Wednesday, December 8, 2010

Charles Bukowski's Last 'Muse' Lives With US Author's Ghost

Romain Raynaldy writes for AFP:

The last muse of Charles "Hank" Bukowski, the alcoholic and womanizing US author who used blunt prose to write about society's downtrodden, still lives in the home she shared with her late husband and hopes to turn it into a museum.

"That's exactly like living with a ghost," Linda Lee Bukowski told AFP. "His room is exactly the same. Clothes hanging around, you know, things like that."

Linda Lee is as shy as her late famous husband, but made an effort to speak to strangers at the Huntington Museum in the town of San Marino, just north of Los Angeles, which is holding an exhibit titled, "Charles Bukowski: Poet on the Edge," through February 2011.

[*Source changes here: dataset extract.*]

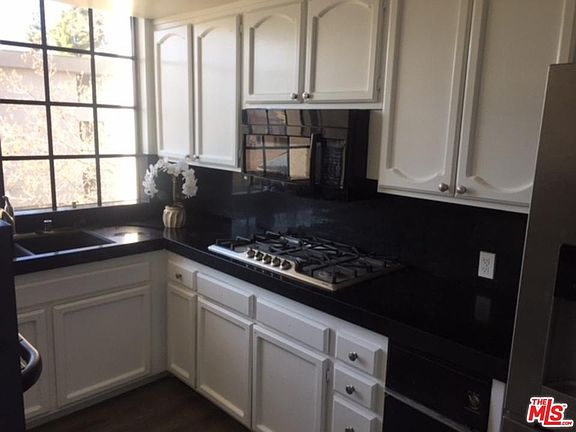 3rd image of 4324 Troost Ave Unit 204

Bukowski (1920-1994) was an important figure in 20th-century US literature. "In his poetry and prose, Bukowski used experience, emotion, and imagination, along with violent and sexual imagery, to capture life at its most raw and elemental," reads a description of his work on the museum website.

Bukowski "spoke for the social outcasts -- the drunks, prostitutes, addicts, lay-abouts, and petty criminals -- as well as those who are simply worn down by life."

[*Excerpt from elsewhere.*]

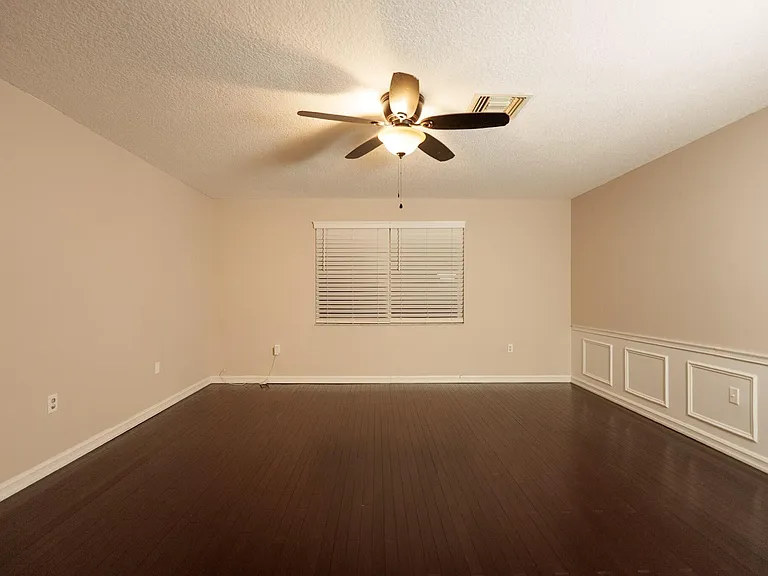 7251 NW 24th Ct — Photo 18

The Museum bills the exhibit as the "most comprehensive exhibition on the writer ever undertaken" and includes typed scripts of Bukowski?s poems, periodicals with his poetry, and pictures loaned by his widow.

[ ... ]

"He was a shy man, he was an individual who was more reclusive than outgoing and that's why he would tend to drink and overdrink, because it was so much for him to handle the enormous social life. It was wasted time for him.

"He would rather be either at his typewriter or having dinner at Musso and Frank," a landmark eatery billed as the "oldest restaurant in Hollywood."

Bukowski, who grew up and spent most of his life in Los Angeles, rose to fame after a difficult childhood and 14 years working in anonymity at the post office.

He had written poems and short stories all his life, but did not write for a living until age 46, when the editor of Black Sparrow Press offered to pay him 100 dollars a month to focus on writing.

"He never talked with me about his work," his widow said. "He thought it was a bad luck. Once in a while, he would come down at night with a poem, and he would have a drink and he would read it. It was once in a year.

"But in general, he would never show anybody because he thought it would bring bad luck. He would send it immediately to the publisher."